Civitas Learning is a data science company dedicated to helping higher education solve pressing challenges and improve student success outcomes. The company partnered with the AWS Data Lab to architect and integrate key building blocks in machine learning (ML) causal inference in order to create a real-world evidence knowledge base. Civitas Learning implemented an architecture for using notebooks in a production environment and left the AWS Data Lab with a new, repeatable workflow it can use for additional data science tasks.
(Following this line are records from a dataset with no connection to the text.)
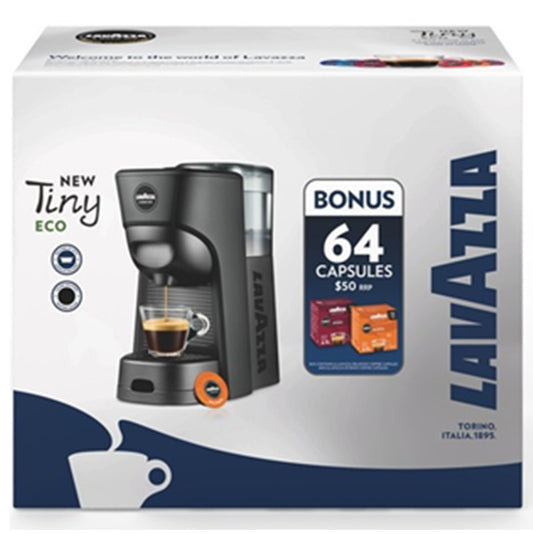 Lavazza Capsules Coffee Machine | Mini Automatic Espresso Cappuccino Maker WITH 64 PODS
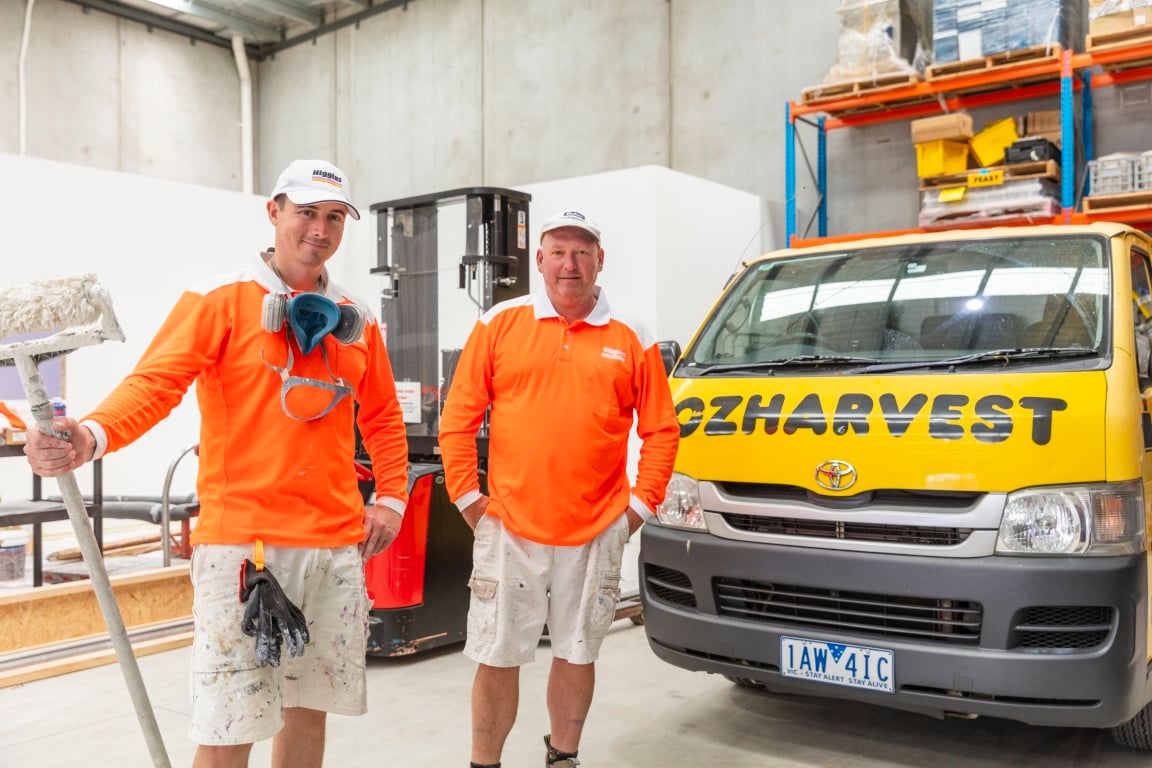 Higgins painters at OzHarvest facility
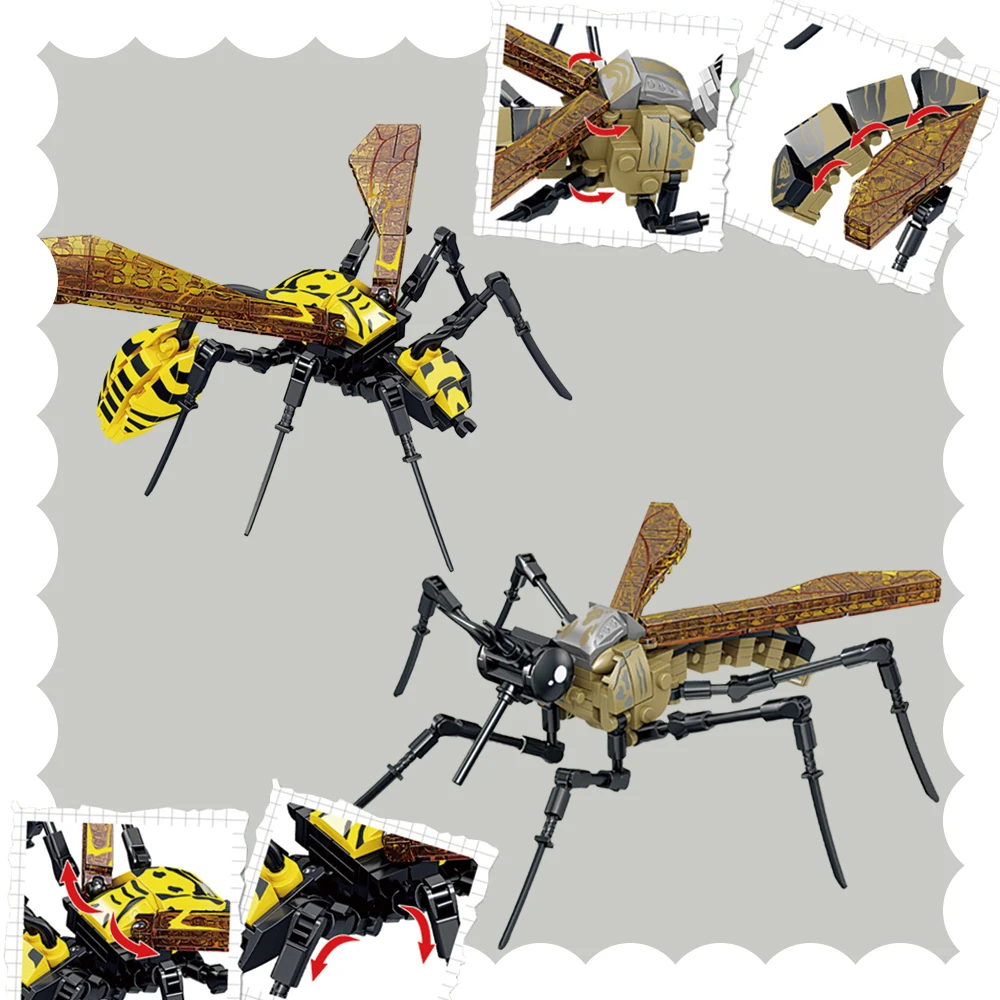 Mücken-Insekten-Bausteine-Spie – Kid Toys And More Bewertung und Preis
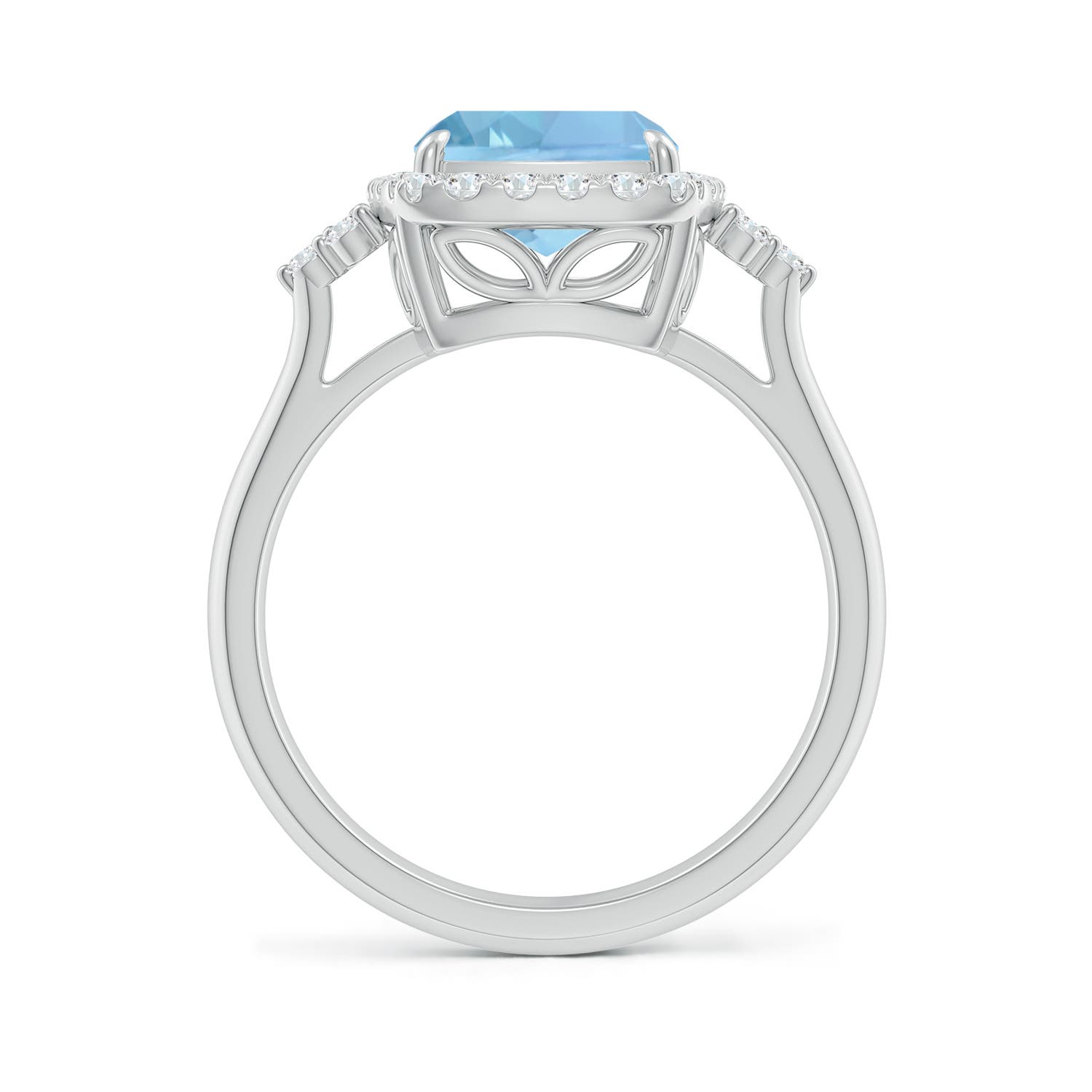 AAAA - Aquamarine / 2.8 CT / 14 KT White Gold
“AWS assembled a super team to help us architect and integrate key building blocks in ML causal inference so that we could construct real-world evidence knowledge base. They also made sure that we stayed on course after our Data Lab engagement, which is helping us scale our ML practice with much faster deployment speed. It’s been a great, rewarding experience for us all, and our customers are happier as a result.” David Kil, Chief Data Scientist, Civitas Learning.
PHD Media is a global communications planning and media buying agency network. PHD Media needed to build a lean, high-performant, and scalable extract, transform, load (ETL) and data storage infrastructure that could support future Machine Learning workloads. The AWS Data Lab helped PHD Media move its ETL jobs to AWS Glue and rebuild its pipeline into a three-part process: data ingestion, data staging, and data summarization. PHD Media left the AWS Data Lab with a new architecture for its data pipeline that reduces ETL processing time from 21 hours to 75 minutes and is capable of integrating with Amazon SageMaker and BI tools.
“We would not have been able to dedicate the same amount of time to the development, nor been able to resolve our questions and problems as quickly without the AWS Data Lab. Doing the same work outside of the AWS Data Lab would have cost us significantly more in funds and time.” Amar Vyas, Global Data Strategy Director, PHD Global Business.